Omit the pictures, and output the rest of the entries exactly as written.
═════ Data in this exercise ═════
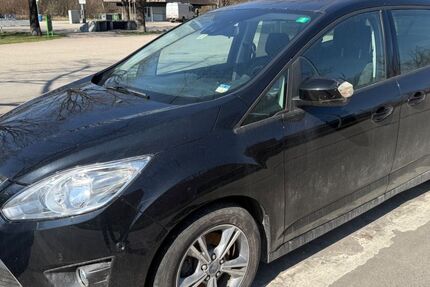 Ford Grand C-Max 136.000 km 4.990 &euro; München 80333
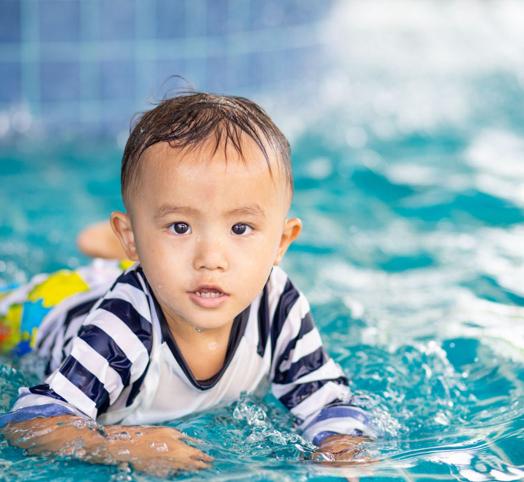 Yüzme havuzu, spor, oyun: Hangi etkinlikler cildi atopiye eğilimli çocuğum için uygun?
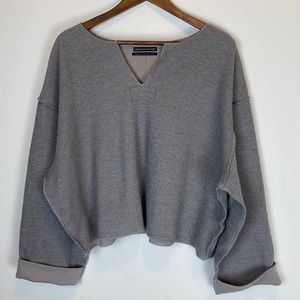 Urban Outfitters top women’s size medium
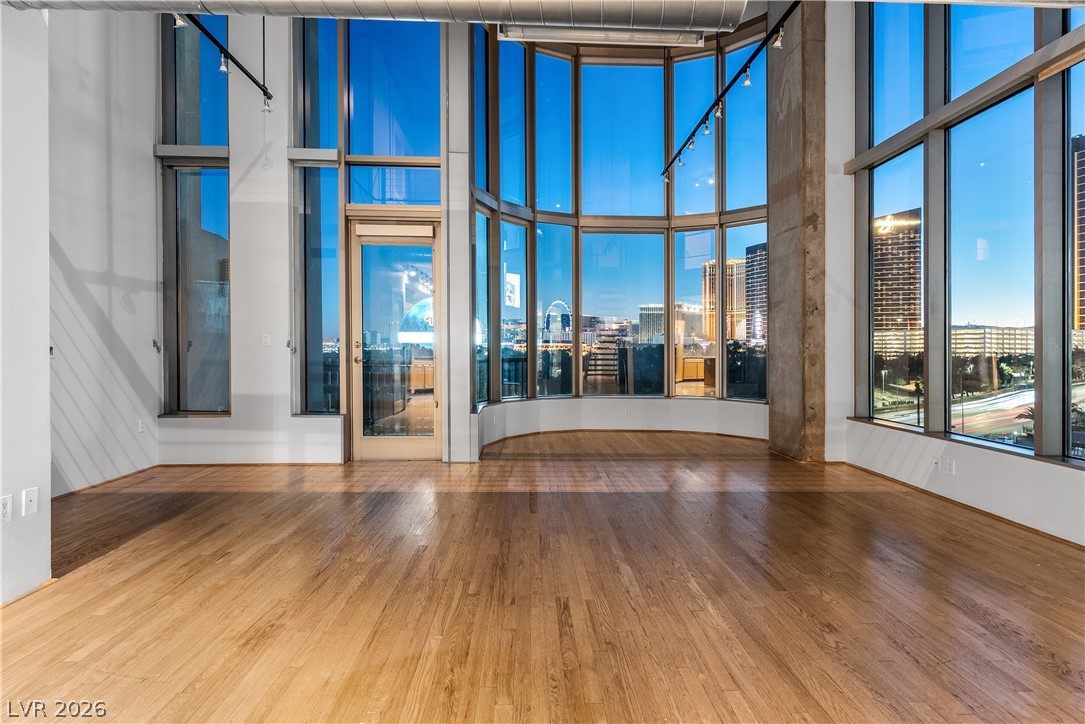 360 East Desert Inn Road 607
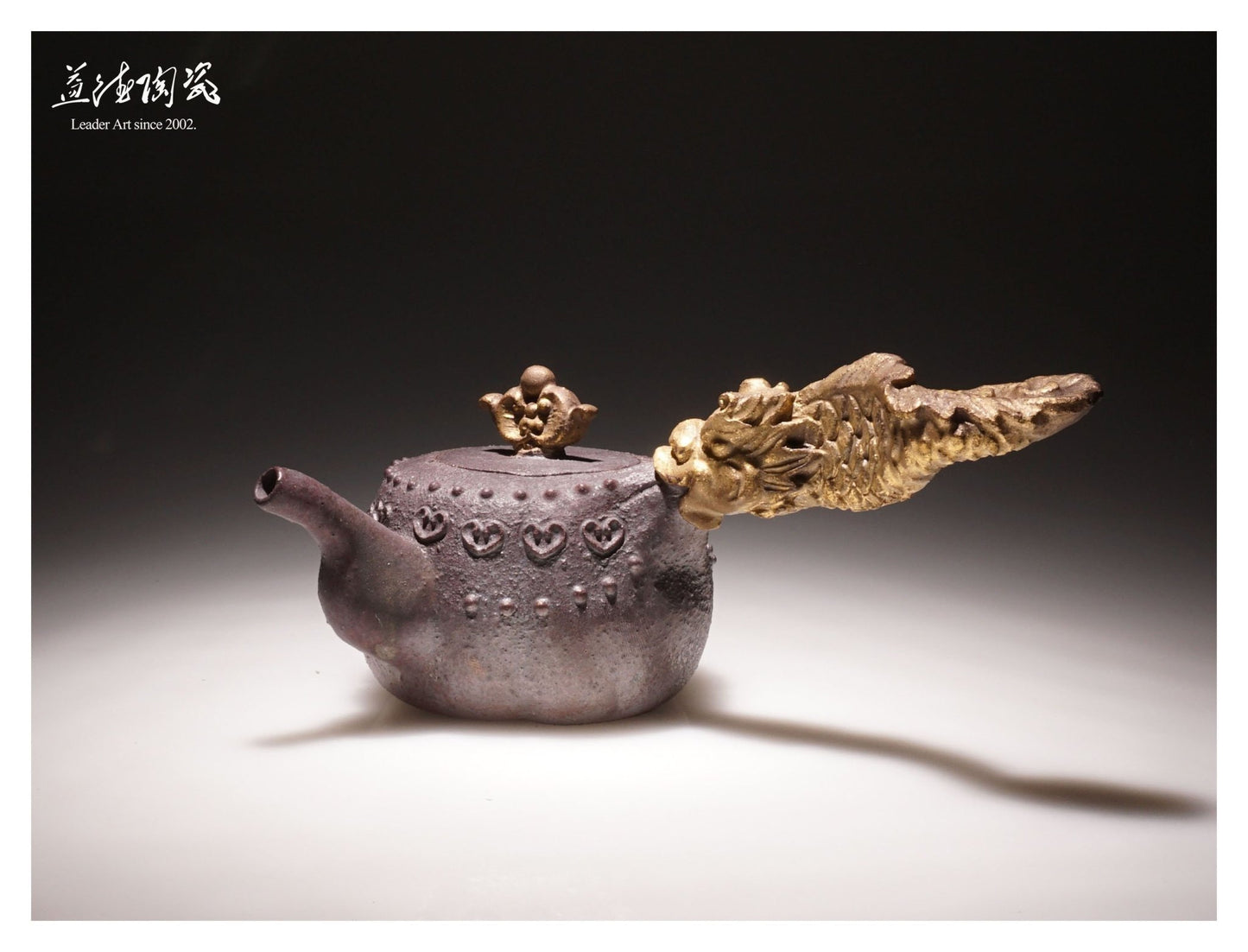 Clouds Chasing - LEADER 益德 | 居家設計藝品・人文茶器・空間美學作品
═════
**Reply:**
 Ford Grand C-Max 136.000 km 4.990 &euro; München 80333
 Yüzme havuzu, spor, oyun: Hangi etkinlikler cildi atopiye eğilimli çocuğum için uygun?
 Urban Outfitters top women’s size medium
 360 East Desert Inn Road 607
 Clouds Chasing - LEADER 益德 | 居家設計藝品・人文茶器・空間美學作品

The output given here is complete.